Give everything a default traffic weight of, say, 10. Make it alterable as above. Divide traffic proportionately between all versions according to their weight.
The reason to do it this way is so that when you go from 5 versions to 4, then 4 to 3, then 3 to 2 you just eliminate versions and don't have to calculate the percentages to rebalance. Trust me, calculating percentages gets very old, very fast.
While you're at it, add the ability for versions to be marked as not to be reported on. This allows people to have versions test, control, and unreported control. You start with a lot in unreported control. You ramp up the test by dropping the weight of unreported control.
+1 on the unreported control. It's a common use case to start an A/B test at a small test percentage, then ramp up over time. Without an unreported control, you can't do that and have valid samples for each group.
(E.g. your sample mix will be invalid if you start at 10 test / 90 control then ramp up to 30/70. But if you start 10 test / 10 control / 80 unreported, then ramp to 30/30/40, your samples will be valid.)
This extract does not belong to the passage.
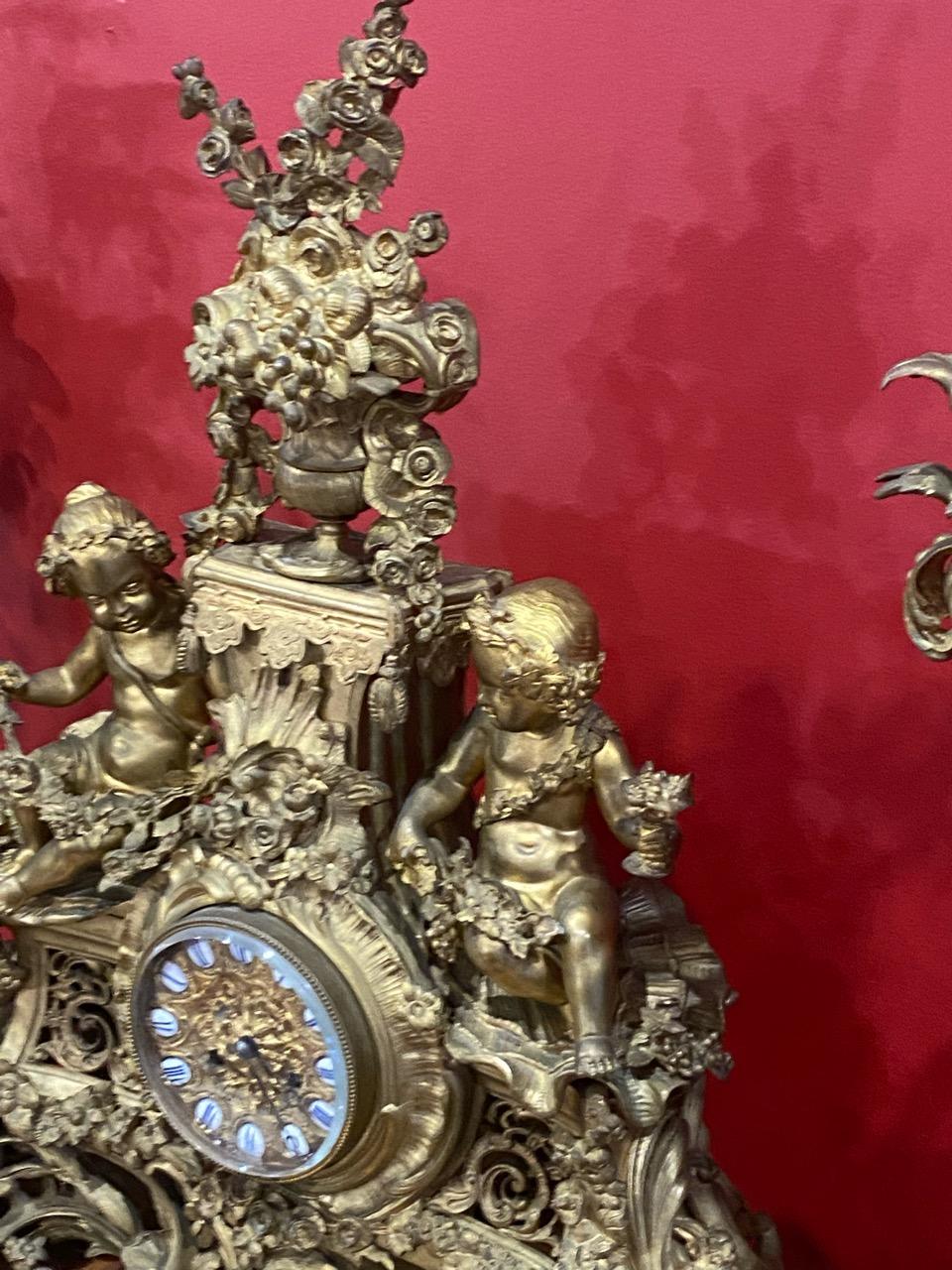 Majestätische französische Kandelaber und Uhrengarnituren aus vergoldeter Bronze des 19. Jahrhunderts im Angebot 8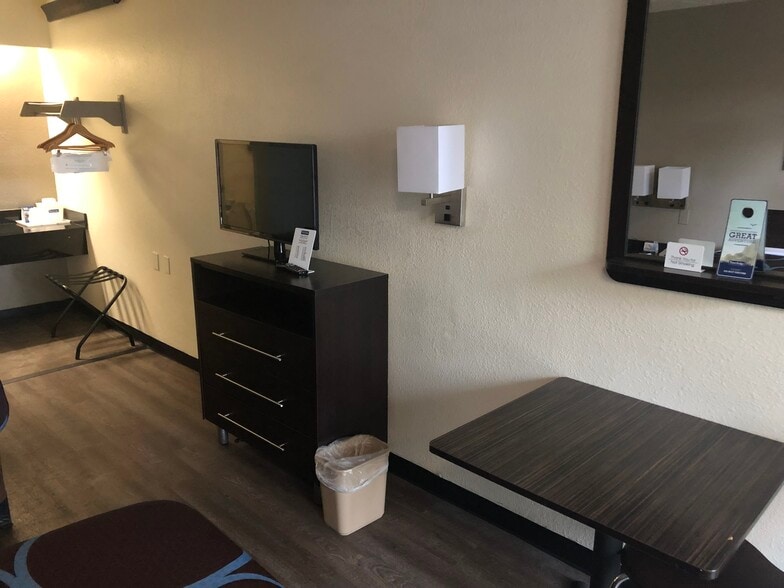 More Photos Of 2471 Old National Pky, College Park Hotel For Sale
Let's hypothetically say you have a new feature Foo. Foo is under active development and works on the test and staging environments, but you're concerned it might not be ready for prime time. You first release Foo to your staff's accounts on the production servers. After they break Foo in a while, you roll it out to 10% of the user base selected randomly, while watching your automated instrumentation to see how it reacts (does it blow up anything? do users care about it? does anyone actually use the thing?). After you've proven Foo out you release it to the entire userbase. Should you at some point have a problem with Foo, you desire the ability to yank it back from all users while you get back to tinkering on it privately.
Feature flags are a way to do that. By happy coincidence, they share semantics almost verbatim with A/B testing. (At a high level of abstraction, the most interesting API is basically User#should_see?(feature_name_goes_here). They typically have a bit more going on in the API than that -- for example, the ability to assign users to groups (like, say, "our employees", "friends & family", "our relentlessly dedicated True Fans (TM) who are willing to suffer the odd bug", "10% of people who signed up last Monday", etc) and assign groups as being able to view a feature. There is often a UI visible for that.
I'm broadly in favor of any technology which increases the number of firms which are able to make A/B testing a routine practice at their organizations. This solves an issue which occurs in some deployments. It being available as OSS is therefore unmitigated good news, though I probably won't use it myself.